Так же чутко реагирует формуляр на появление в качестве «приказчиков» грамоты дворецких областных дворцов (тверского, дмитровского, рязанского). Например, в тарханно-несудимой грамоте, выданной 5 июля 1548 г. Глушицкому Вологодскому монастырю по приказу рязанского дворецкого П. В. Морозова, в пункте о подсудности грамотчика говорится: «А кому будет чего искати на игумене с братиею и на их приказщикех и на крестьянех, ино их сужу яз сам, царь и великий князь, или мой дворецкой рязанской, у кого будет Вологда в приказе»[1391]. (Действительно, как уже давно установлено исследователями, Вологда находилась в ведении дворецкого Рязанского дворца[1392].) А в жалованной несудимой грамоте Троицкой Иониной пустыни на земли в Романовском и Пошехонском уездах, выданной 1 сентября 1544 г. по распоряжению тверского дворецкого И. С. Воронцова, та же статья звучала следующим образом: «А кому будет чего искати на строителе Ионе з братьею и на их слугах и на крестьянех, ино их сужу яз, князь великий, или мой дворецкой тферской, у кого будет Романов и Пошехонье в приказе. А кому будет до строителя и до старцов и до слуг и до крестьян монастырских каково дело, те люди по них посылают моих приставов дворцовых недельщиков Тферскаго дворца…»[1393]
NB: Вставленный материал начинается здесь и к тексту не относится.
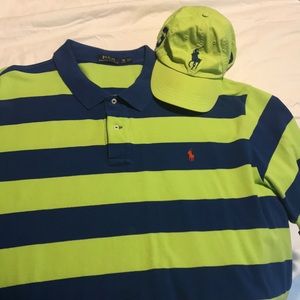 Polo shirt hat combo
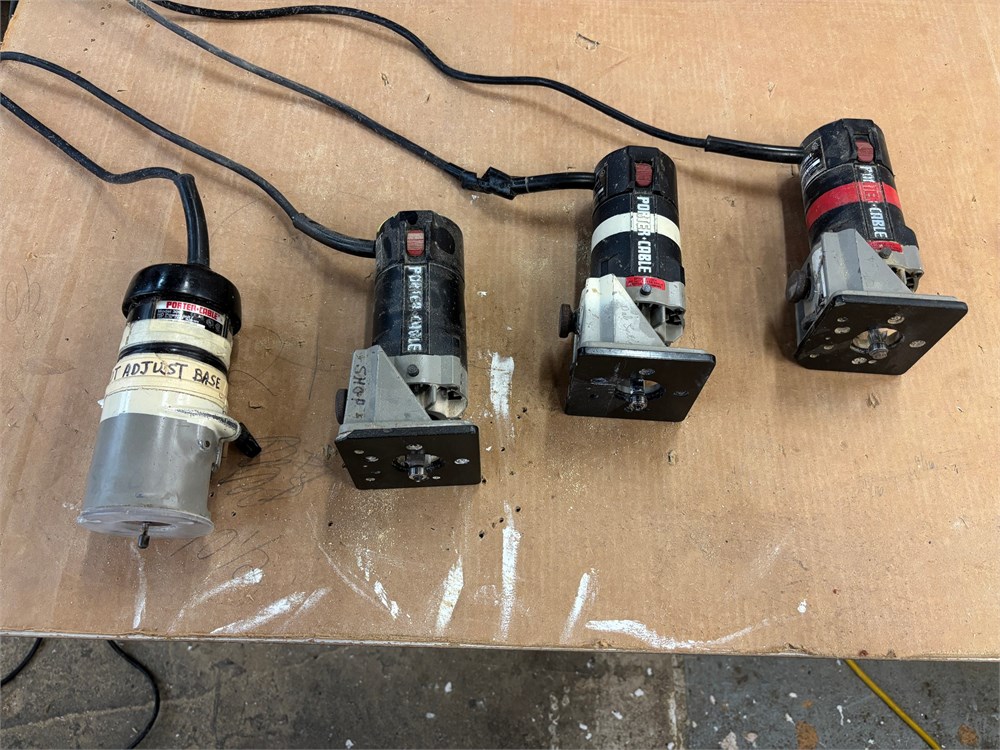 Lot of (4) Trim Routers as pictured
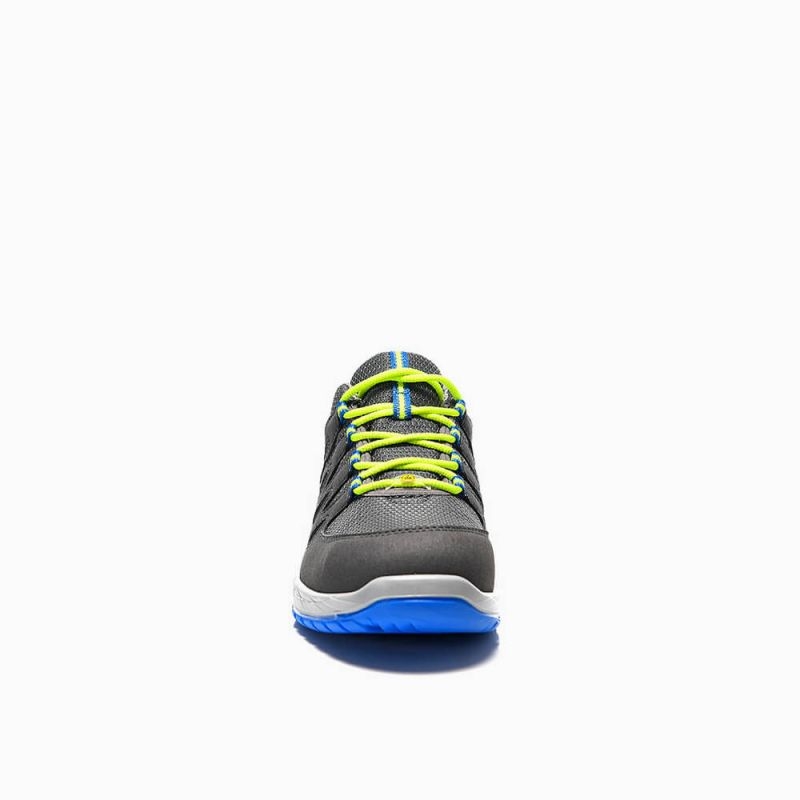 ELTEN-Footwear, S1P-Arbeits-Berufs-Sicherheits-Schuhe, Halbschuhe, Maddox Grey-Blue Low, Esd, grau/grün/blau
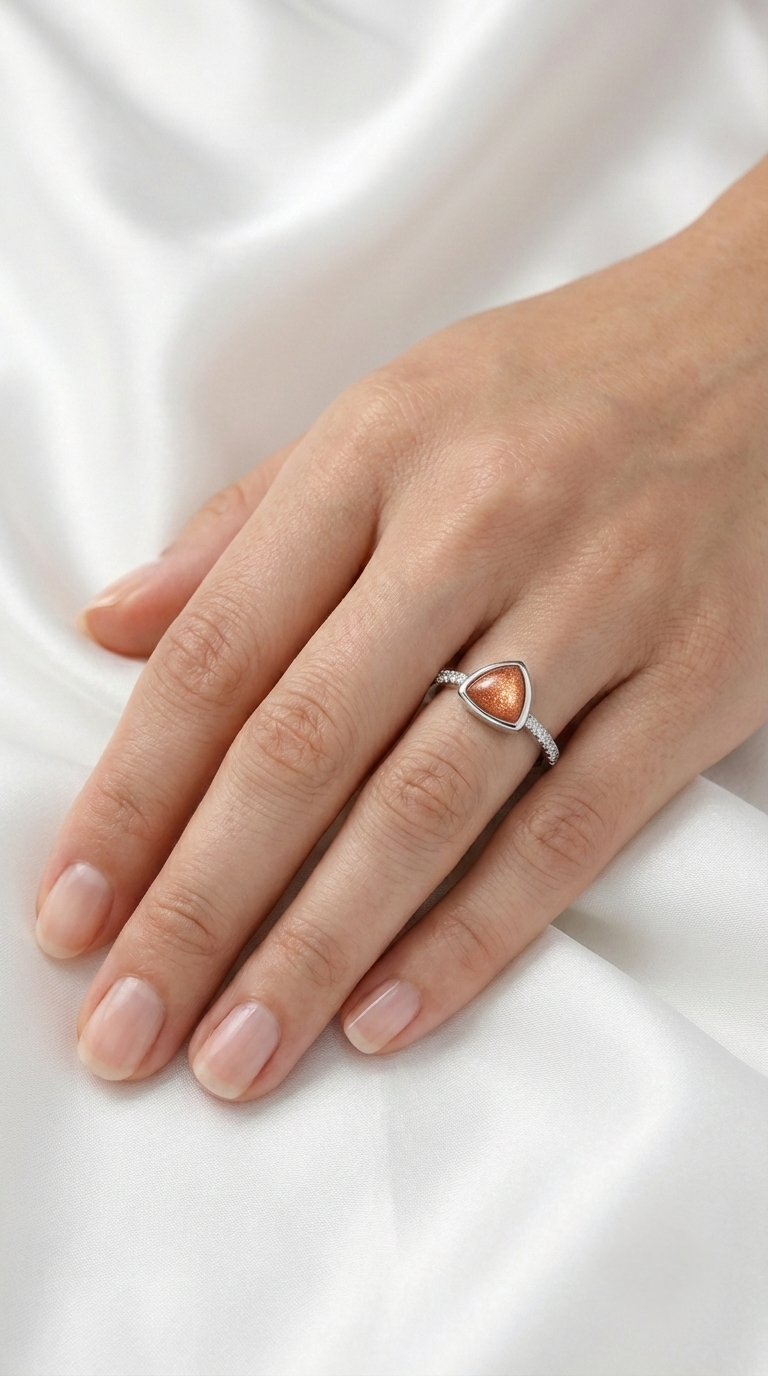 Soléa Trillion Ring | 925 Sterling Silver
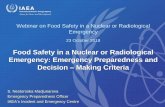 Food Safety in a Nuclear or Radiological Emergency ... · Emergency: Emergency Preparedness and ... Restrictions on non-essential food, milk and water Equivalent dose in fetus or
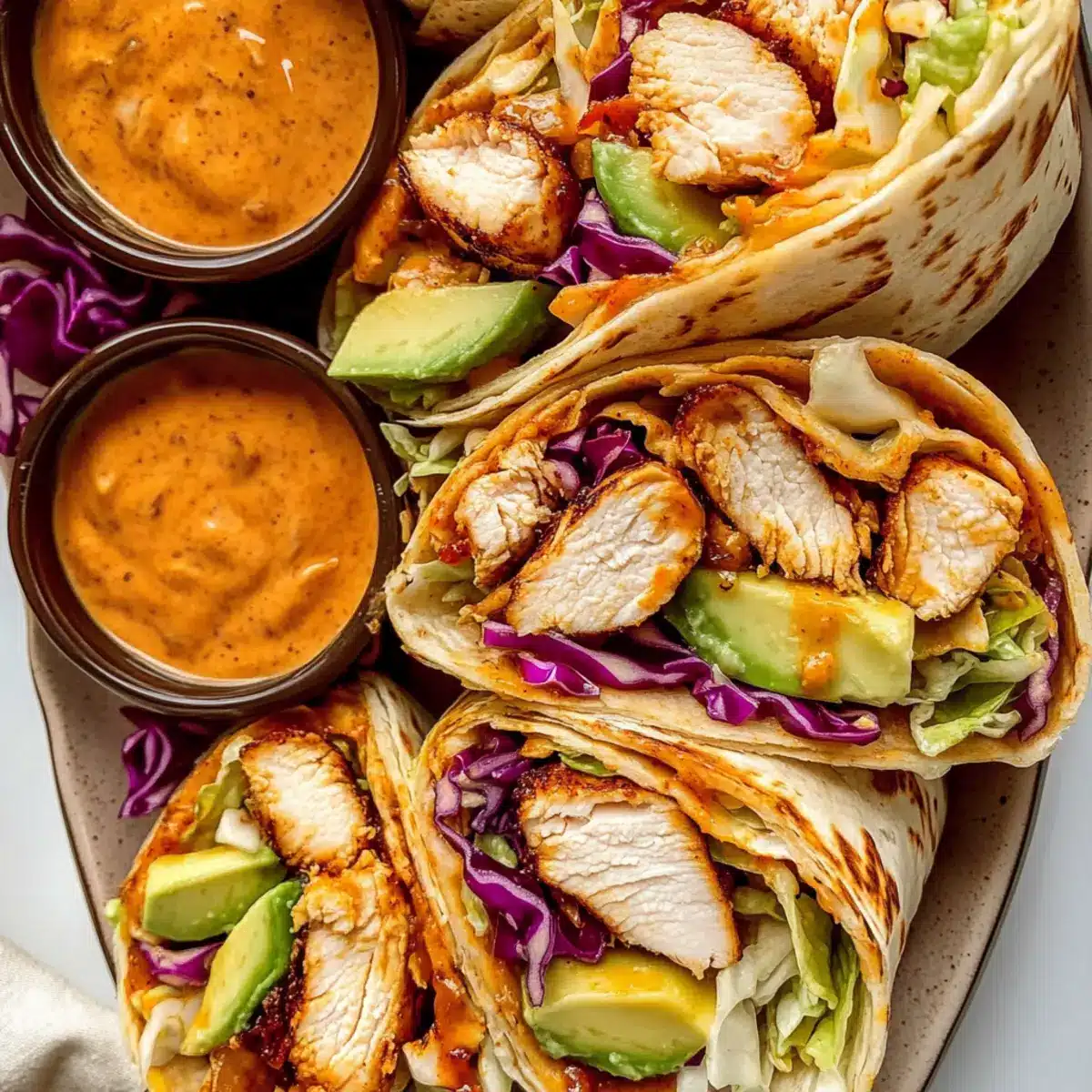 Southwest Chicken Wraps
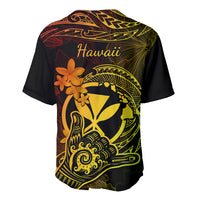 Hawaii Baseball Jersey Shaka Tattoo Mix Polynesian Plumeria Reggae Version - Wonder Print Shop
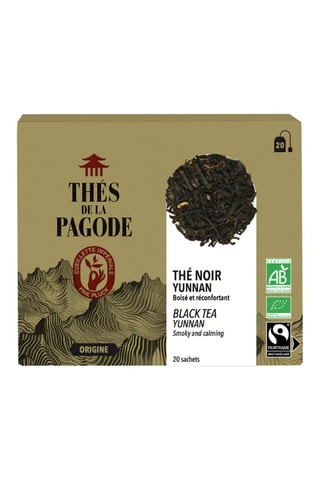 2 x Thé noir Yunnan bio commerce équitable - 20 sachets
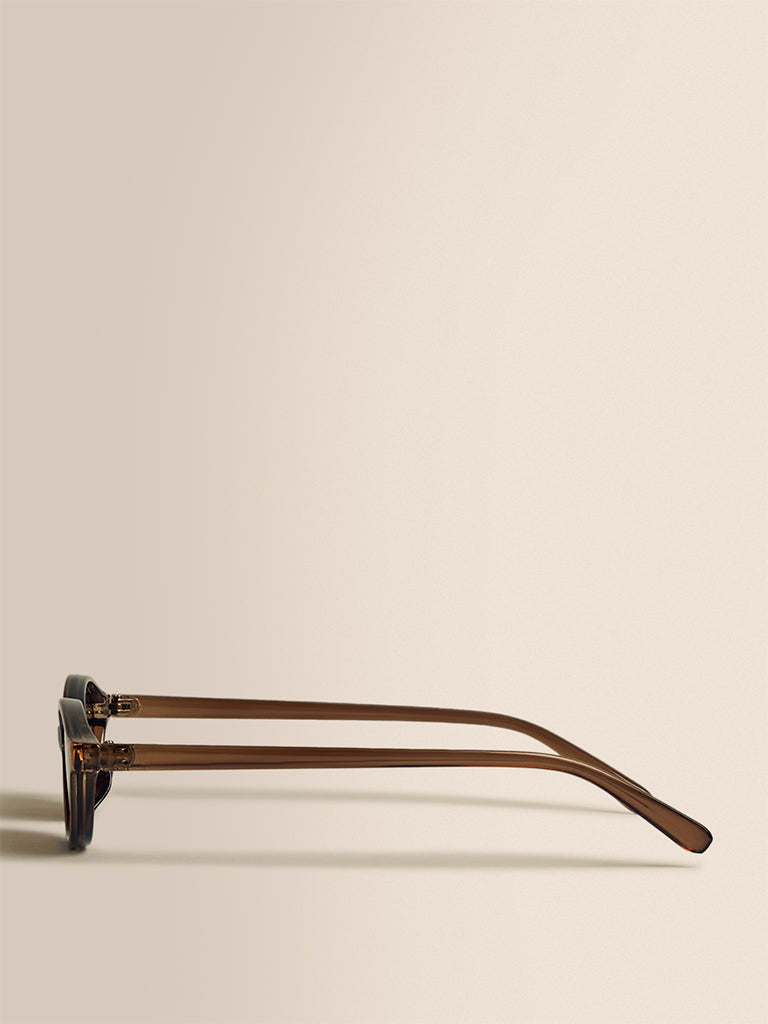 Oval Sunglasses- Brown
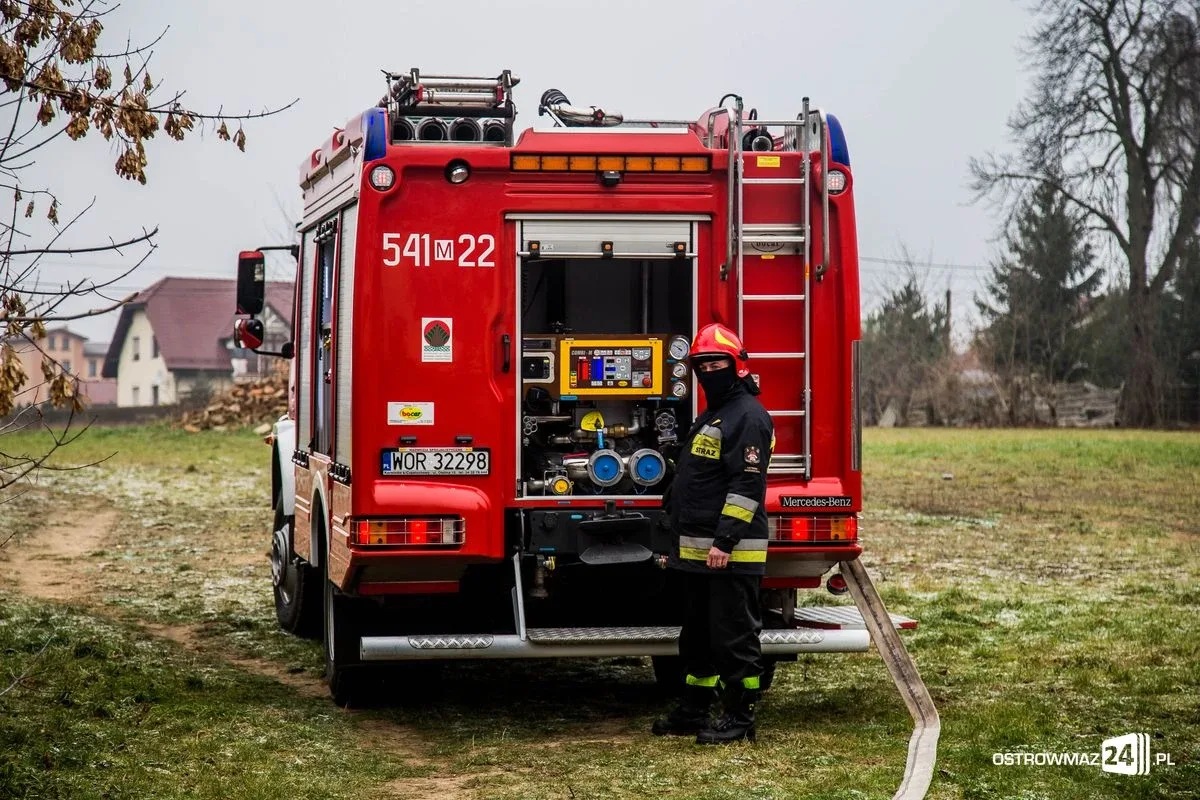 Pożar domu przy ulicy Wileńskiej (zdjęcia)
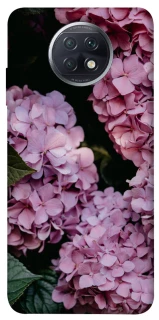 Чохол на Xiaomi Redmi Note 9 5G / Note 9T Рожеві гартензії фото 1 з 1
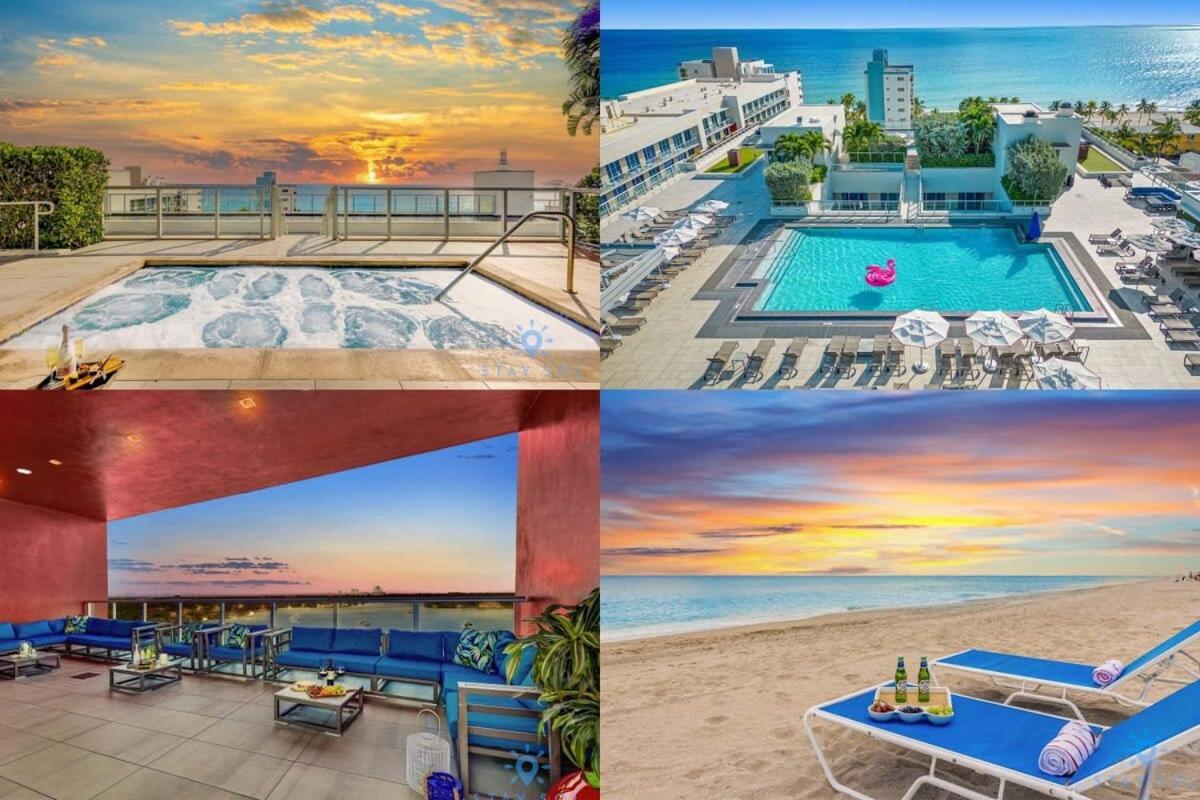 Apartment With Bay View Balcony - Pool - Up To 6 - Gym Hollywood Dış mekan fotoğraf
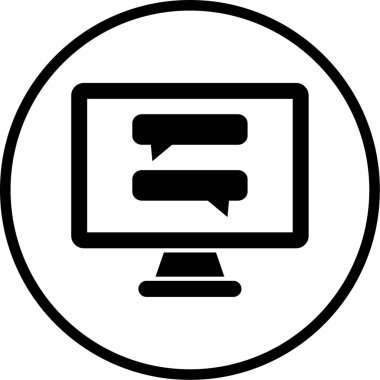 chat modern simgesinin vektör illüstrasyonu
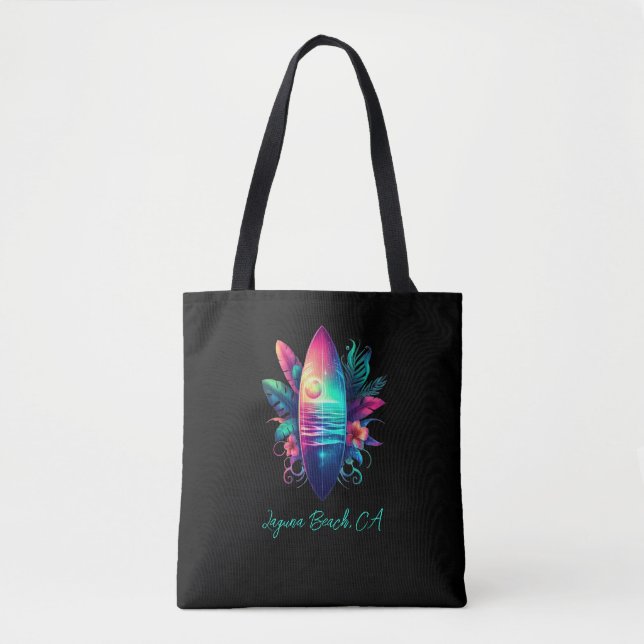 Bolsa Tote Surfboard Tropical Beach- (Frente)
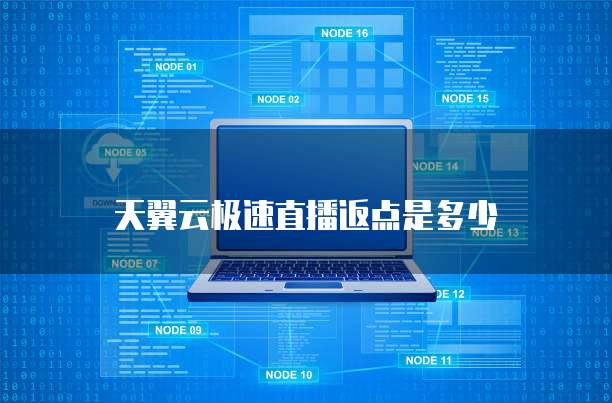 天翼云极速直播返点是多少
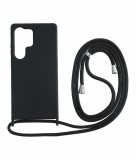 Cellect, Samsung Galaxy S25 Ultra, TPU+PC, Fekete, Mobiltelefon tok, Fekete Zsinórral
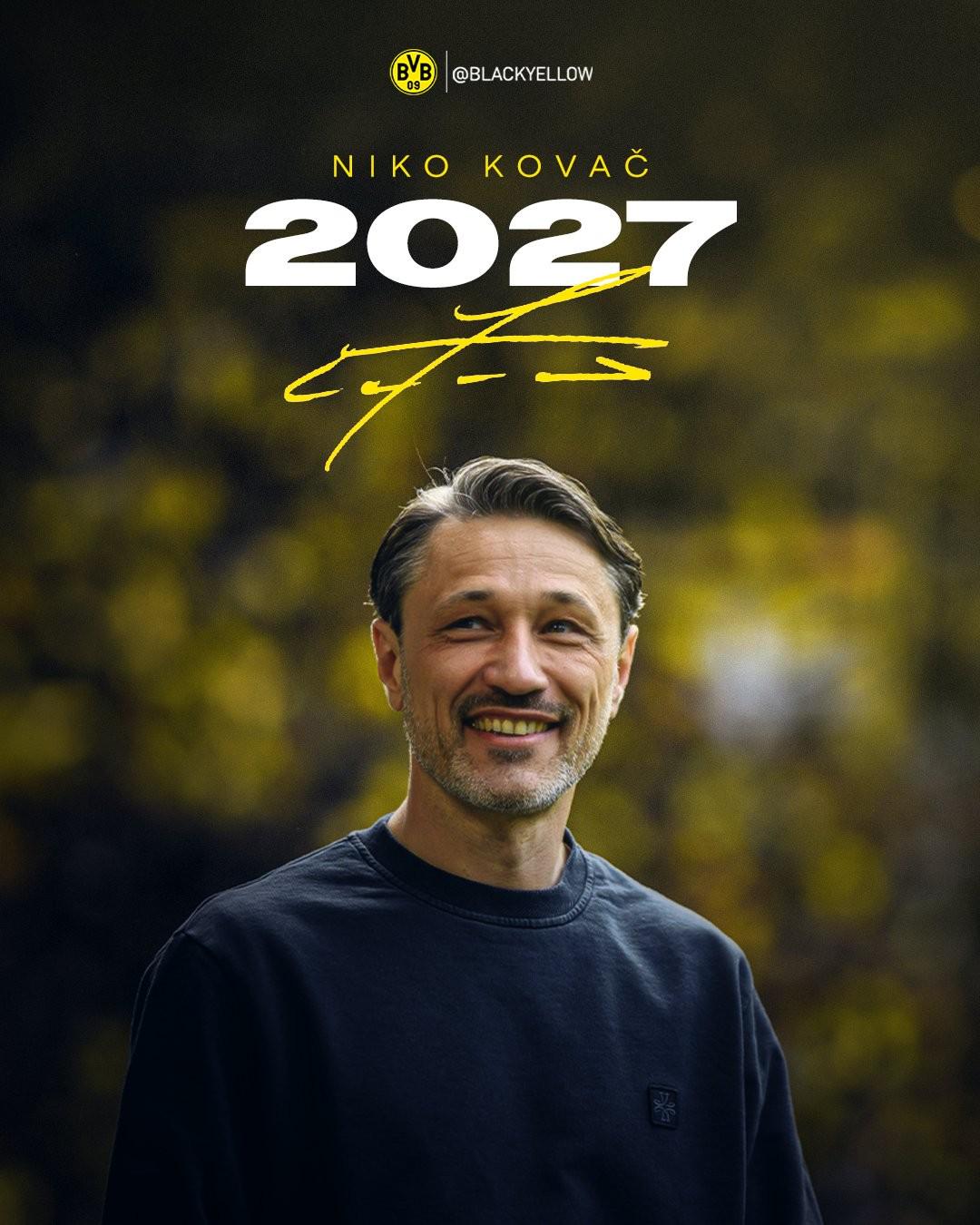 官方：科瓦奇与多特蒙德续约至2027年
Обращение к формуляру грамоты позволяет в ряде случаев уточнить статус лица, приказавшего ее выдать. А. А. Зимин полагал, что в 1535–1538 гг. углицким и калужским дворецким был боярин кн. И. В. Шуйский: основанием для этого вывода ученому послужил факт выдачи Шуйским грамот на территории, входившие в Углицкий дворец[1394]. Между тем, как уже говорилось выше, в грамотах, выданных по его приказу в январе 1535 г. и августе 1538 г., судьей высшей инстанции назван боярин введенный, а не дворецкий (см. строки 1 и 3 в табл. 3). Таким образом, нет никаких оснований считать, что кн. И. В. Шуйский исполнял обязанности углицкого дворецкого; к тому же этот чин явно был слишком низким для боярина и представителя знатнейшего княжеского рода, каковым был князь Иван Васильевич.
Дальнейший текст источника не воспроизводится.